Updated

Activists on Wednesday gave up plans to seize beer from motorists driving into the dry Pine Ridge Indian Reservation after a tribal police official said it would be illegal and dangerous and promised to help find a different way to fight alcoholism.

Supporters of the blockade had described it as their only option after failed efforts to get the courts and county and state officials to stop the flow of beer from tiny Whiteclay, Neb. Alcohol is banned on the 16,500-member reservation, but four Whiteclay stores sell an estimated 4 million of cans of beer every year, mostly to Indians.

The fewer than a dozen activists were outnumbered by journalists and law-enforcement officers from several jurisdictions as blockade organizer Duane Martin Sr. and James Twiss, the reservation's acting police chief, hashed things out at the state boundary, a few feet from the sign for South Dakota's Shannon County.

Blockade supporters had said they didn't plan to arrest anyone but would have confiscated any beer purchased in Whiteclay at checkpoints just inside the reservation. Volunteers in Whiteclay planned to use radios to tell checkpoint workers which vehicles should be stopped and searched.

Twiss said it was unclear whether the blockade would violate motorists' constitutional right against illegal searches and seizures. "A person's vehicle is their property," Twiss told Martin.

Allowing the blockade also would invite liability issues, Twiss said: "If someone decides not to stop, we're going to be responsible."

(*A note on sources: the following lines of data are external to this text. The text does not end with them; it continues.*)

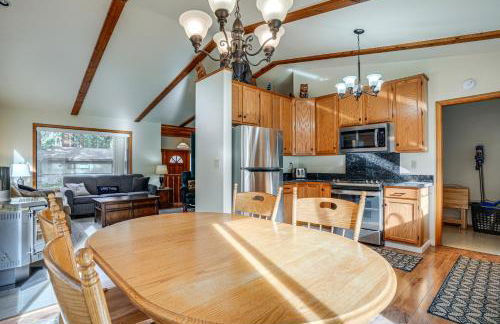 5 Mi to Heavenly Resort Cozy Home with Fenced Yard - Foto 6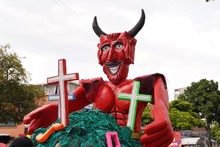 2000 artistas engalanaron el desfile del Carnaval de Cali Viejo 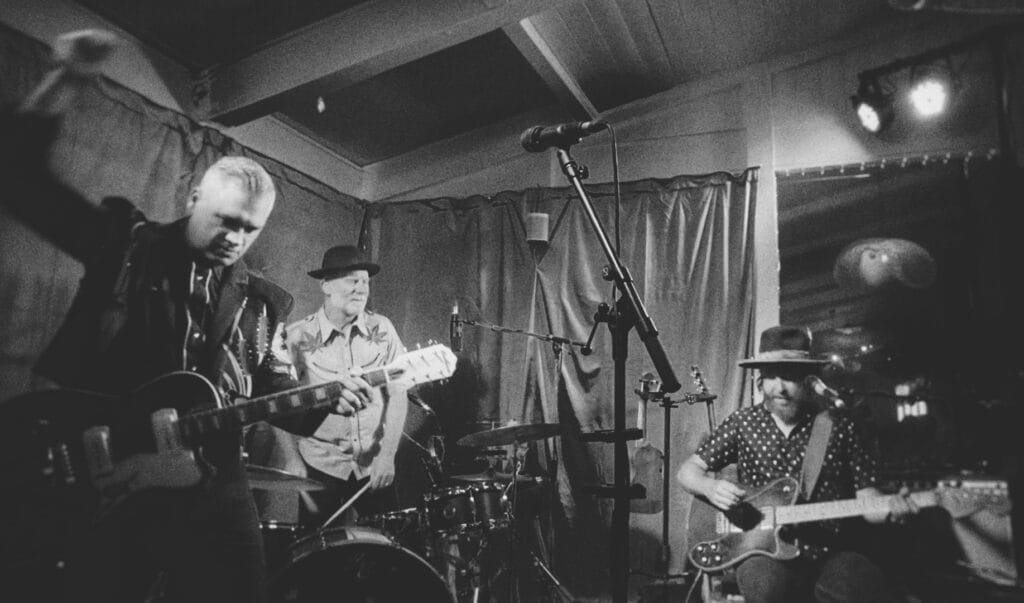 Elliott BROOD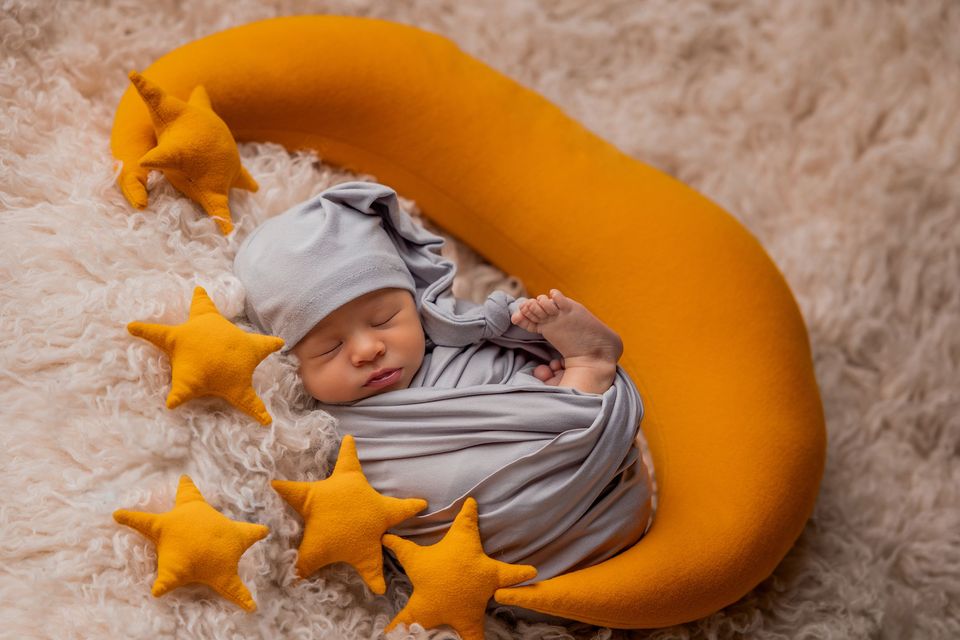 Neonato addormentato fra stelle gialle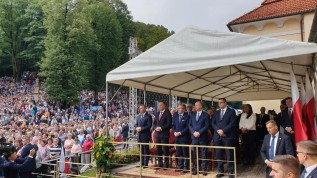 Prezydent Andrzej Duda na pielgrzymce rodzin w Kalwarii. Sanktuarium: &quot;Ponad 100 tysięcy wiernych&quot;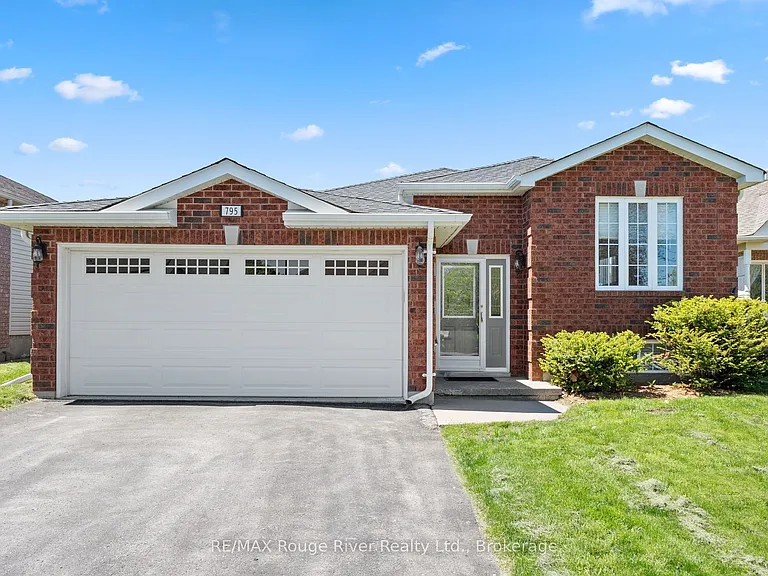 795 Munson Cres — Photo 1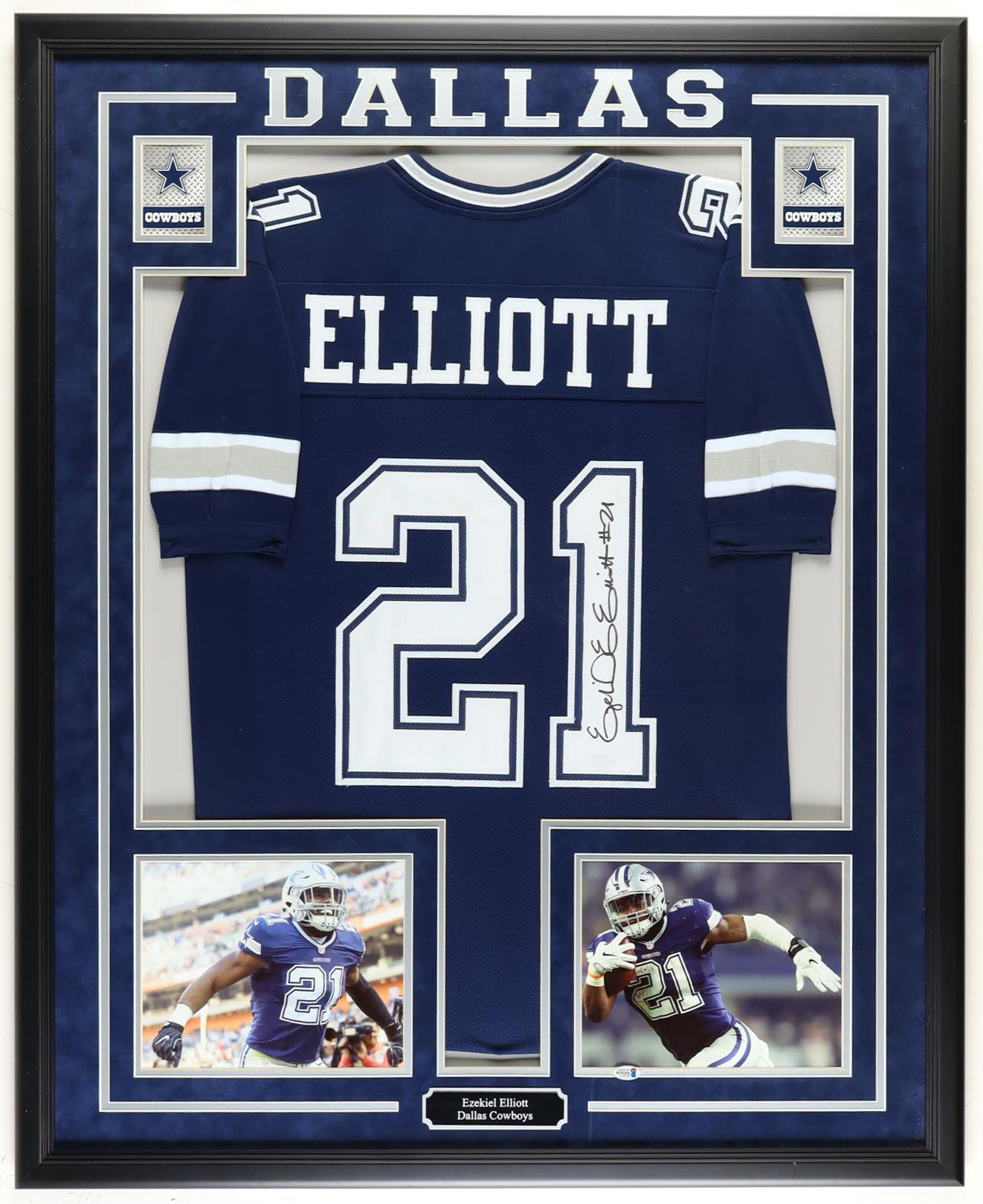 Ezekiel Elliott Signed Custom Framed Jersey Display (Beckett) at PristineAuction.com Ezekiel Elliott Signed Custom Framed Jersey Display (Beckett) at PristineAuction.com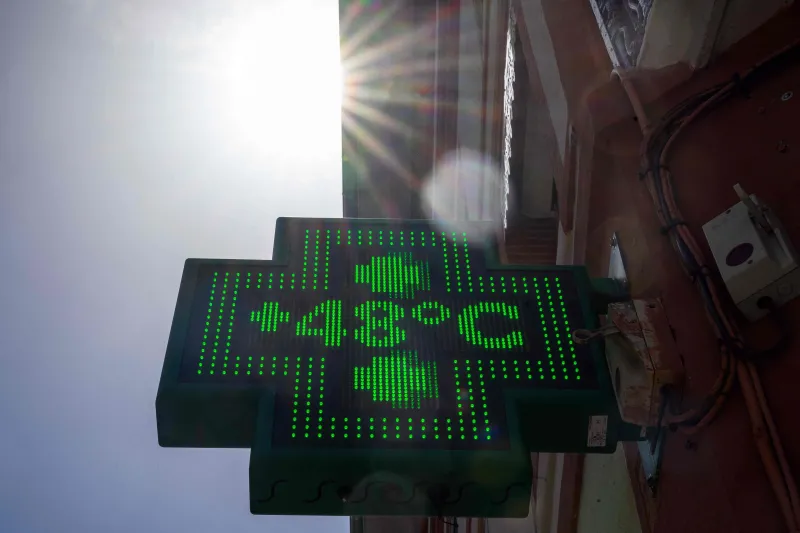 Muere un niño de tres años atrapado en un coche durante la ola de calor en Francia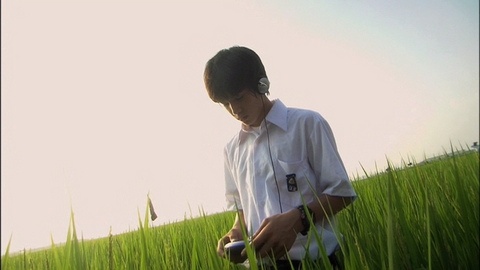 7-Lilly Chou Chou Hakkında Her Şey (Riri Shushu no subete / All About Lilly Chou Chou) (2001) - Sinemada interaktivite ve bilgisayar oyunu estetiği konusunda "Ölüm Oyunu" ("Battle Royale", 2000) ile birlikte ilk devrim yapan filmlerden biridir. Asosyal bir çocuğun internetteki rumuzu ile gerçek hayatı arasında sıkışması ışığında, toplumsal şiddet, dışlanma ve gençlik filmi mantıkları farklı bir konsepte sokulur. Shunji Iwai imzalı yapıt önemsenmeyen ama önemsenmesi şart olan eserlerindendir bu 10 yılın...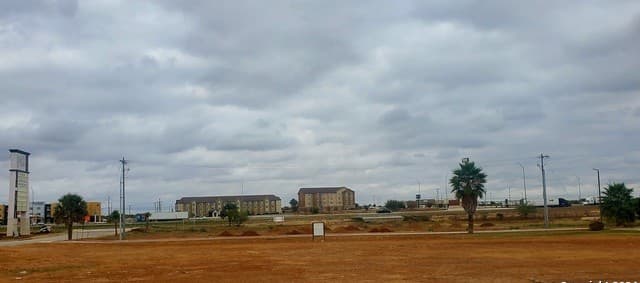 rental at LOT 4-A, BLK 3 Mars Drive in Cotulla, TX — photo 1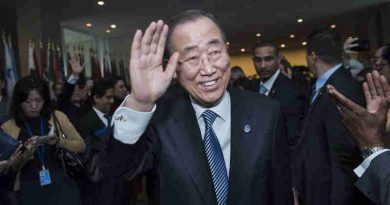 Secretary-General Ban Ki-moon bids farewell to delegates, staff, senior advisers, and other well-wishers at UN Headquarters in New York. UN Photo / Amanda Voisard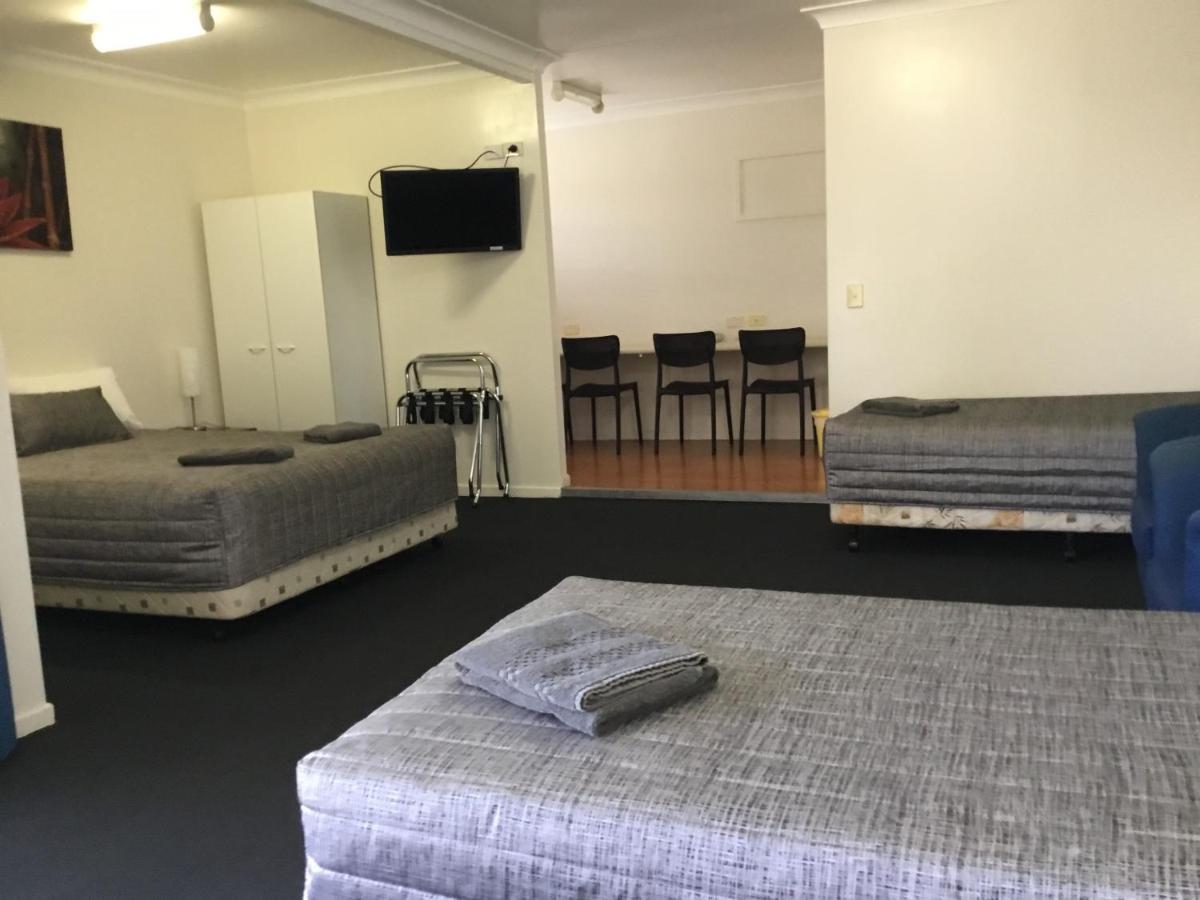 Charleville Waltzing Matilda Motor Inn Exterior photo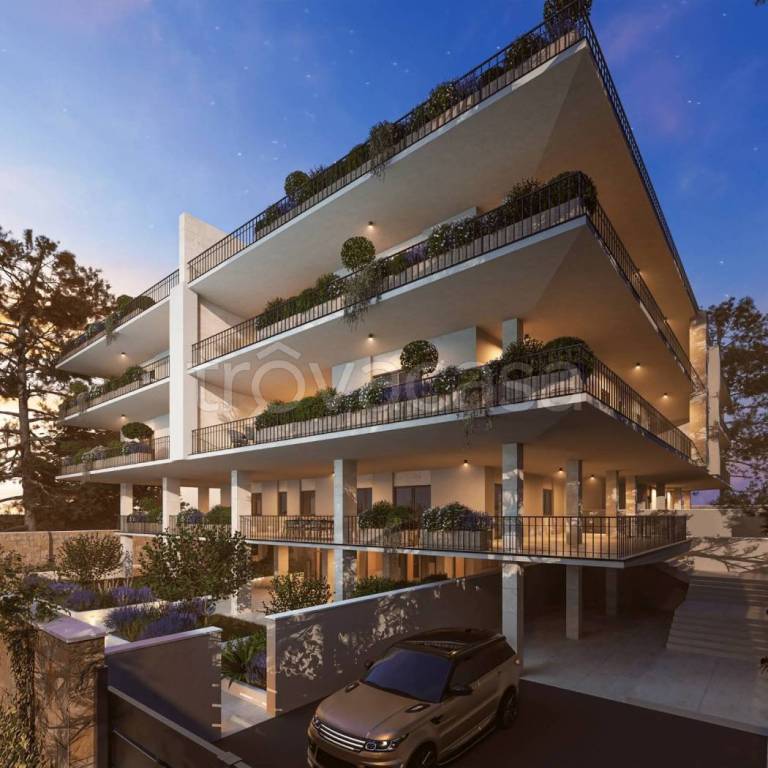 appartamento in vendita a Roma in zona EUR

"Whose side are you guys on?" Martin told Twiss.

"Don't try to make me be the bad guy," Twiss said.

Twiss acknowledged his department has not done enough to go after bootleggers who buy large quantities of beer in Whiteclay and distribute it on the reservation, but said he doesn't have the money or manpower to do more.

Twiss vowed, however, to work with Martin and others to find some way to ease the problem. The two sides planned to meet, possibly as early as Thursday.

Mark Vasina of Nebraskans for Peace, an activist group that has tried to end alcohol sales in the border town, said he was pleased with the outcome.

"I think this is a success because we got a commitment from the new police chief to deal with the problems of illegal alcohol sales," Vasina said.

Sheridan County, Neb., Sheriff Terry Robbins had a different take: "Waste of time." The episode was intended to draw media attention, he said.